# Help - Fink and Imagemagick



## jcicenia (Jun 22, 2002)

I have been trying to use fink to get and install Imagemagick but everytime I try to I get:

Reading package info...
Information about 436 packages read in 3 seconds.
curl -f -L -s -S -O http://prdownloads.sourceforge.net/fink/dlcompat-20020413.tar.gz
mkdir -p /sw/src/dlcompat-20020413-1
tar -xzf /sw/src/dlcompat-20020413.tar.gz

gzip: stdin: not in gzip format
tar: Child returned status 1
tar: Error exit delayed from previous errors
### tar failed, exit code 2
Unpacking the tarball dlcompat-20020413.tar.gz of package dlcompat-20020413-1
failed.
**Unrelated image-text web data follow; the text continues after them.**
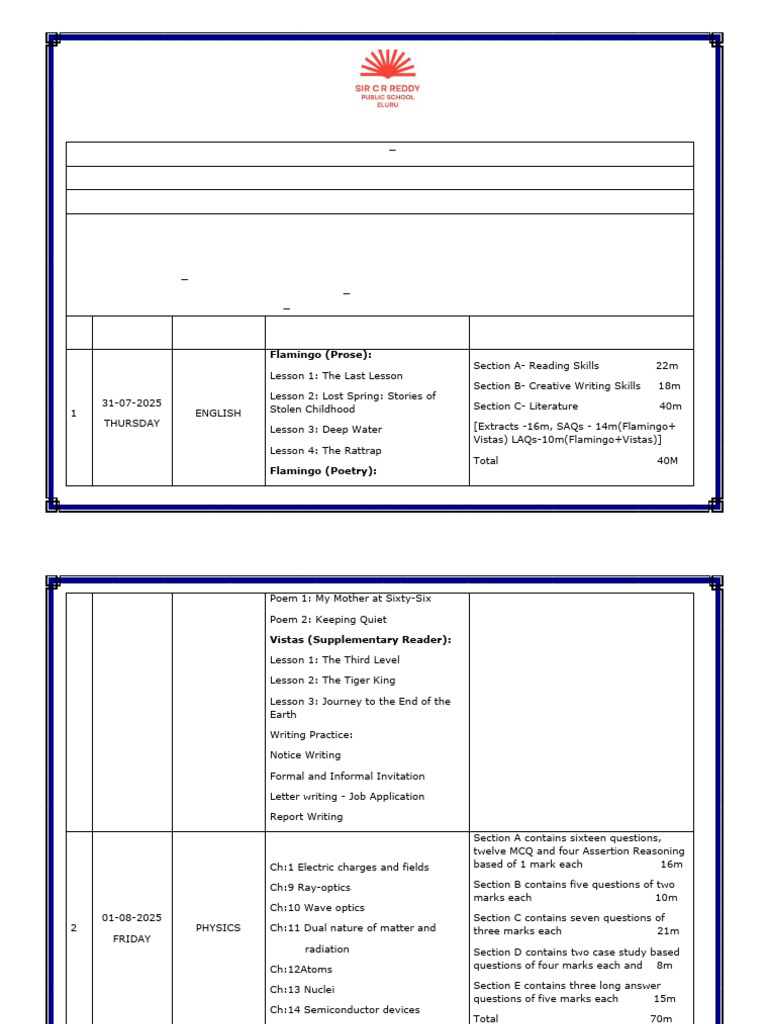 Class 12 Term 1 Exam Schedule 2025 | PDF
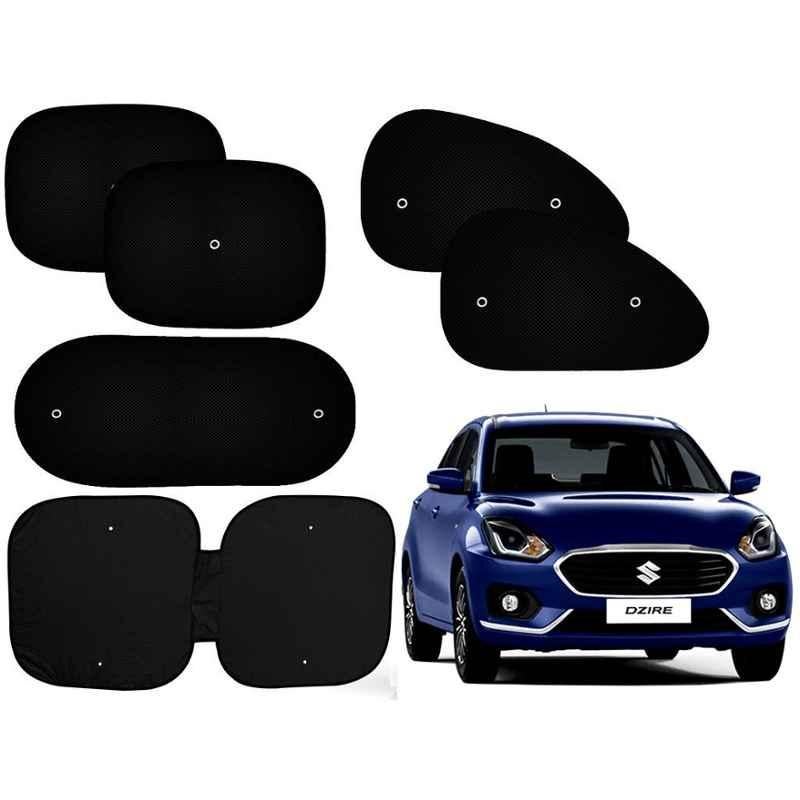 Auto Pearl 6 Pcs PVC & Mesh Black Window, Front & Rear Sun Shade Set for Maruti Suzuki Swift Dzire, Curtain_Chipkoo_6_Dzire17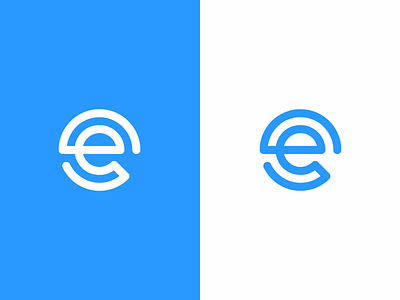 e / logo design abstract coin e e commerce e letter e logo lettermark logo mark minimal monoline path single line symbol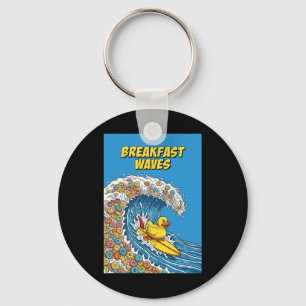 Breakfast Waves Humor Duck Surfer Surfing Unique F Keychain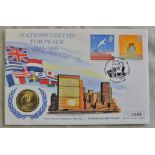 Great Britain P&N 1995 Nations United For Peace 1945-1995 with £2 Coin and 50th Anniversary of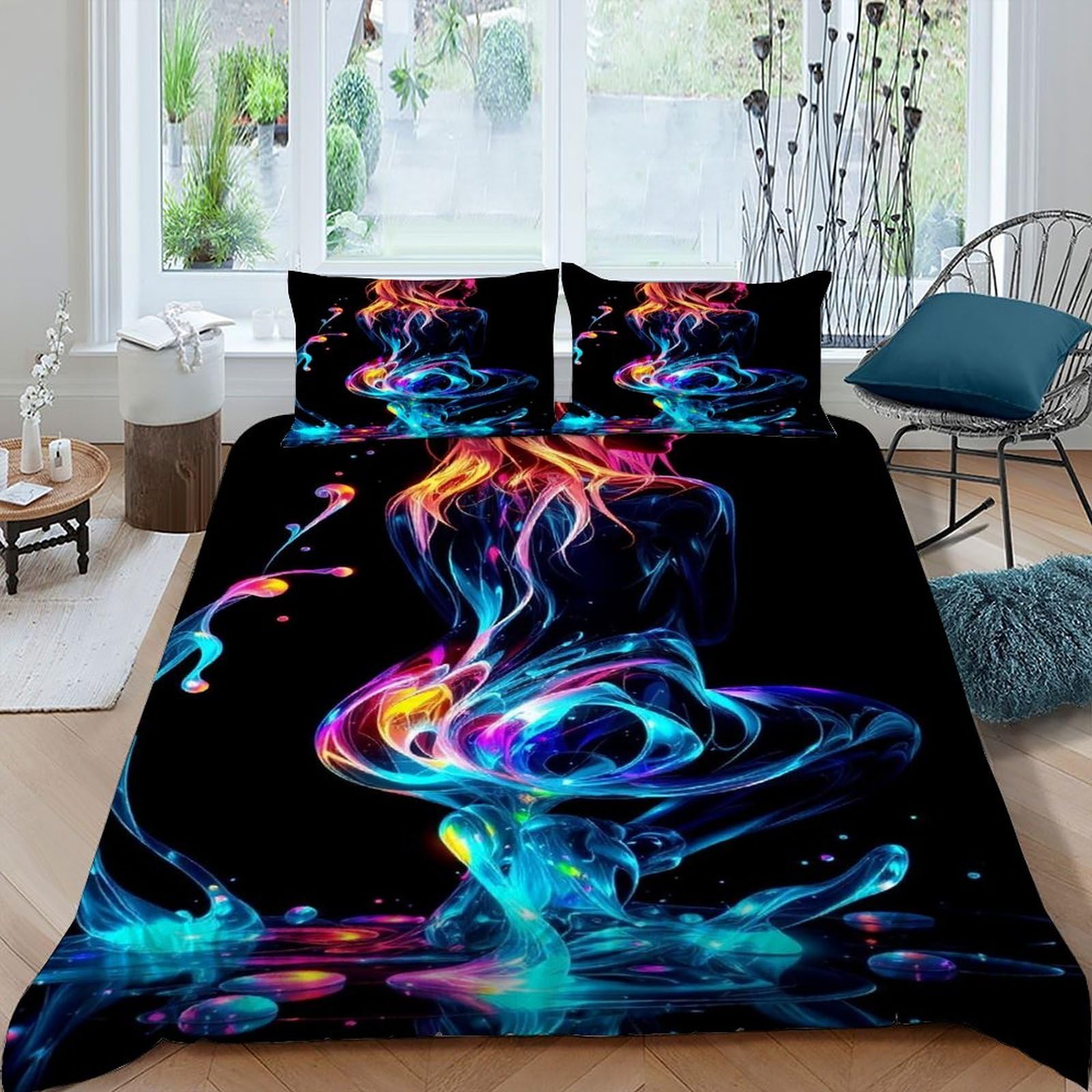Flower Illustrations Bedding Set 3 Pieces 3D Digital Printing Gothic Themes Duvet Cover Set Chic Breathable Quilt Cover Girl Woman with Pillowcase King（220x240cm）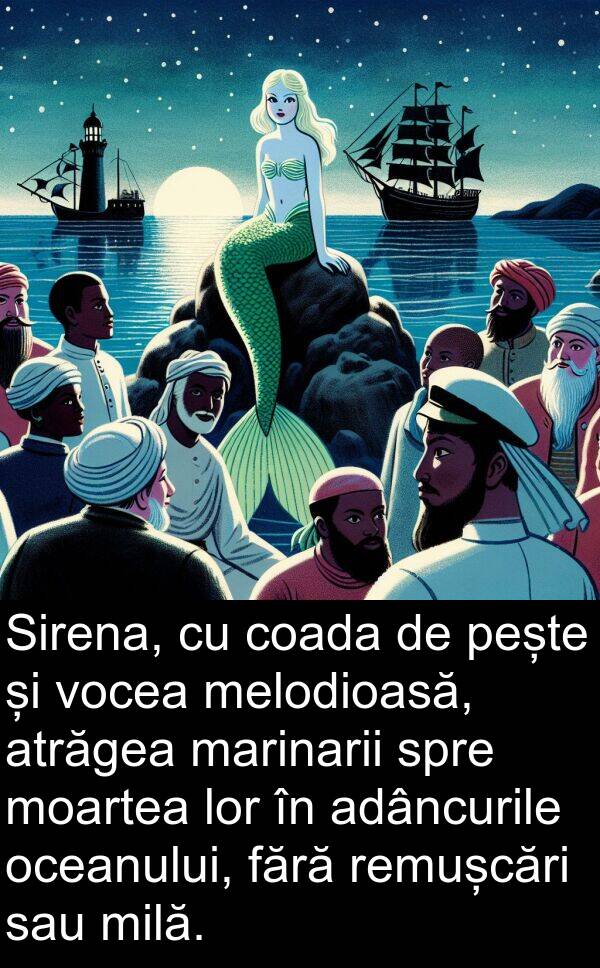 oceanului: Sirena, cu coada de pește și vocea melodioasă, atrăgea marinarii spre moartea lor în adâncurile oceanului, fără remușcări sau milă.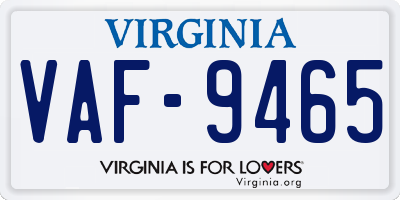 VA license plate VAF9465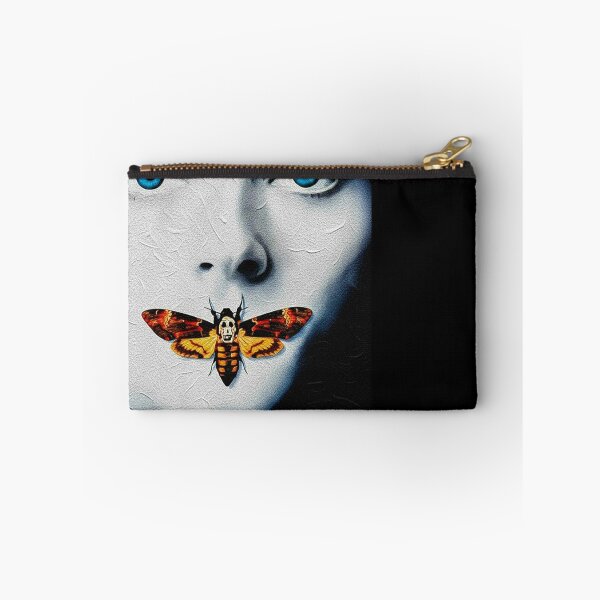 Item preview, Moth Over Mouth Blue Eyes Art | Skull Back Insect Horror Painting | Minimalist Psychological Thriller Poster designed and sold by Art's Diner.
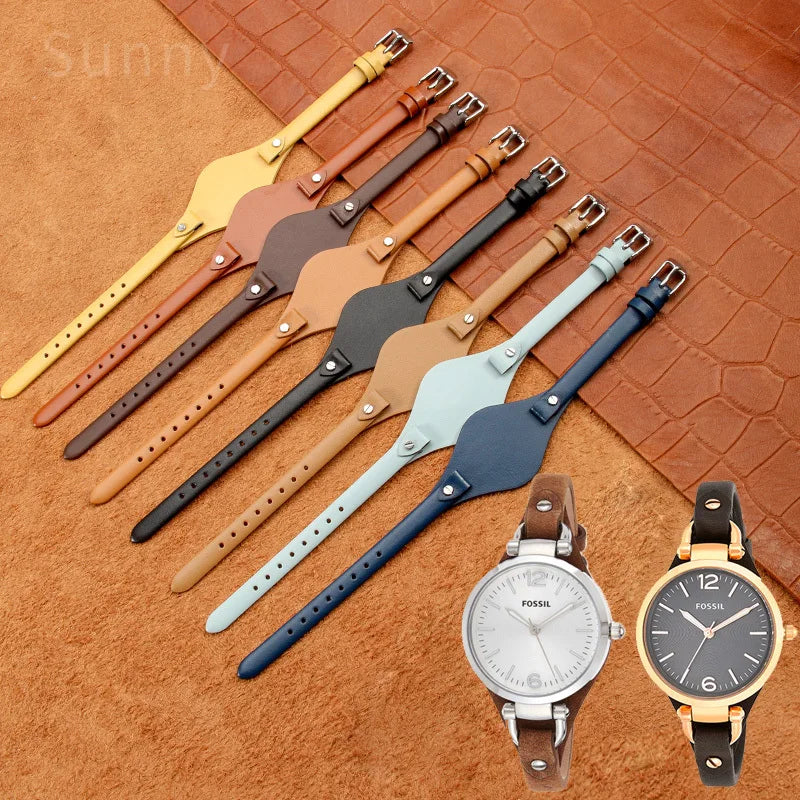 Bracelet de montre en cuir véritable pour femme, petit bracelet, cuir de vachette souple, fossile, ES3060, ES3565, ES2830, 3077, 3262, 3060, 4176, 4119, 8mm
The most likely cause for this is a corrupted or incomplete download.
Do you want to delete the tarball and download it again? [Y/n] n

The .gz file it sends is an HTML file?!!!!

What does one need to do to intall ImageMagick on OSX Server?

Help


----------



## sao (Jun 23, 2002)

jcicenia,

 The problem is that sourceforge changed their download sites since the last time you selfupdated. (Actually, what's happening is instead of the file you request, you get an HTML page with options to select a mirror)

 Please, run in terminal:

 'fink selfupdate-cvs'

 Then run 'fink install ImageMagick'.

 It should now work.

 Let me know.

 Cheers...


----------



## jcicenia (Jun 23, 2002)

su admin -c 'cvs -dserver:anonymous@cvs.sourceforge.net:/cvsroot/fink login'
kCGErrorIllegalArgument : initCGDisplayState: cannot map display interlocks.
kCGErrorIllegalArgument : CGSNewConnection cannot get connection port
kCGErrorIllegalArgument : CGSNewConnection cannot get connection port
kCGErrorInvalidConnection : CGSGetEventPort: Invalid connection
### su failed, exit code 1
Failed: Logging into the CVS server for anonymous read-only access failed.


----------



## sao (Jun 23, 2002)

jcicenia,

 Please, I need more information:

 MacOS X version.
 XFree86 version.
 Fink version. 
 Apple Developer Tools version.

 To run 'fink selfupdate-cvs' and install from source, you need the December Developer Tools installed.

 Cheers...


----------



## sao (Jun 23, 2002)

jcicenia,

 You probably don't have the Apple Dev Tools installed.(You need at least the December release)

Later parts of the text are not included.